IRS Hiring Efforts Likely Stymied in Trump’s Worker Firing Rule

Feb. 6, 2026, 5:12 PM UTC

The Trump administration’s sweeping changes to how federal workers are classified likely will harm the IRS’s ability to hire, and renew concerns that the agency could succumb to political pressures.

The Office of Personnel Management Thursday released a final rule that will loosen job protections for policy-related positions, making it easier for political appointees to effectively fire them and pick replacements without violating civil service laws. OPM estimates the government will reclassify 50,000 people—though which positions are unclear—with the president having the ultimate say on the changes.

The vagueness of the rule’s scope gives agency heads substantial power over their workforce classifications, former IRS officials said. With reduced job protections, IRS career employees warning against illegal moves could be fired, escalating political power over tax administration.

“With trust in the IRS already at very low levels, this change can only make things worse—making the IRS a ping-pong ball, being whipped back and forth between whichever party is in charge of the Executive Branch,” Nina Olson, former Taxpayer Advocate who’s now executive director of the Center for Taxpayer Rights, said in an email.

The IRS already has faced trouble hiring for the 2026 filing season, onboarding more than 1,000 fewer employees than its goal, according to the Treasury Inspector General for Tax Administration. The agency is currently hiring for tax attorneys, according to USA Jobs.

Potential for Broad Impact

It’s unclear which positions at the IRS will be reclassified. The edict affects policy-related positions, which could be broadly interpreted to almost any job at the IRS.

The IRS Office of Chief Counsel is responsible for drafting agency regulations, but those offices are staffed mostly by federal attorneys. The Treasury Office of Tax Policy also helps with the drafting and answering regulatory policy questions.

The OPM rule states government attorneys in policy-influencing positions could be subject to the change but the rule doesn’t specifically target them.

The IRS also employs tax specialists—who offer technical guidance in its enforcement arm—and customer service representatives, who help taxpayers comply with tax laws.

“How this new rule impacts the IRS will depend on who, if anyone, involved in implementation rather than policy formulation is covered,” former IRS Commissioner Danny Werfel, who was appointed by President Joe Biden, said by email. Werfel is also a Bloomberg Tax columnist.

When Trump tried to enact a similar change at the end of his first term, David Kautter—assistant treasury secretary for tax policy at the time—said he estimated it would affect less than two dozen people across IRS and Treasury.

“The vast majority of people at the IRS aren’t making tax policy decisions, they’re implementing decisions that others make,” Kautter said in an interview Friday.

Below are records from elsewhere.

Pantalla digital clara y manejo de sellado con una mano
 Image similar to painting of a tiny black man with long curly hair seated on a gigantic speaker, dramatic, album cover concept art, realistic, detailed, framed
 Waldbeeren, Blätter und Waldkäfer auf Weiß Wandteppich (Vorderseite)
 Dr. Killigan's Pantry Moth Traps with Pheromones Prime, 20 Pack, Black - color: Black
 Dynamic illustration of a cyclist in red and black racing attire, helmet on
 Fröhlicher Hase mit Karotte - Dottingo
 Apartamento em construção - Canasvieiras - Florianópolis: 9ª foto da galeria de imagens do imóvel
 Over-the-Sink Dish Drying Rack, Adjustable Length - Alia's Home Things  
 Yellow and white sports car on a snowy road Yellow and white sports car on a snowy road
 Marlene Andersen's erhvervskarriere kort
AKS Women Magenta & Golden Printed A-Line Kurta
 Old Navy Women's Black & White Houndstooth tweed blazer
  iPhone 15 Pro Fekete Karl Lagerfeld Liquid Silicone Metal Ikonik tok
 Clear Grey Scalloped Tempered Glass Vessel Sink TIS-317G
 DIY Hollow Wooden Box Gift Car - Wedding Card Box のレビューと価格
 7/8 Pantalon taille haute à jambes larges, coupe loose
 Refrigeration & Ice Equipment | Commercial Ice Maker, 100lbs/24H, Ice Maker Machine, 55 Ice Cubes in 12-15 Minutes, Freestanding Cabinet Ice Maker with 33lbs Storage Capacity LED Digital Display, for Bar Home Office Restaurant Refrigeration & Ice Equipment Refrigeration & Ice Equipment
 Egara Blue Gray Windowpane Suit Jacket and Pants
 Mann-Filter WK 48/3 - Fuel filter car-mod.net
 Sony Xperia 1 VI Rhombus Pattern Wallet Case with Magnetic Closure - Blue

The leaders of the IRS enforcement arm, such as the chief tax compliance officer, are positions that could be affected, Kautter said.

Filing Season

Federal government jobs typically are lauded for stability, but the changed classification will make it harder to convince people to apply, said Gabe Menchaca, a senior federal workforce analyst at the Niskanen Center.

And the chaotic year at the IRS has already impeded hiring efforts for filing season, which started last month. TIGTA expects the lack of staff will lead to delayed refunds and return processing. The hiring efforts come after the IRS lost a fourth of its workers spurred by the Trump administration’s campaign to downsize the federal government.

“When it comes to the busy part of filing season, performance challenges undoubtedly always result back to the decisions you make about the workforce,” Menchaca said.

The change may also make it easier for administration officials to use the IRS for historically unpopular political targeting, When former President Richard Nixon tried to use the agency against his political enemies in the 1970s, Congress passed a law making it a crime.

The Trump administration has pushed the boundaries of the law in the past year with threats to Harvard University’s tax-exempt status and enacting a data-sharing agreement between IRS and Department of Homeland Security to use taxpayer information to help with deportation efforts. Multiple IRS executives quit because of administration pressure.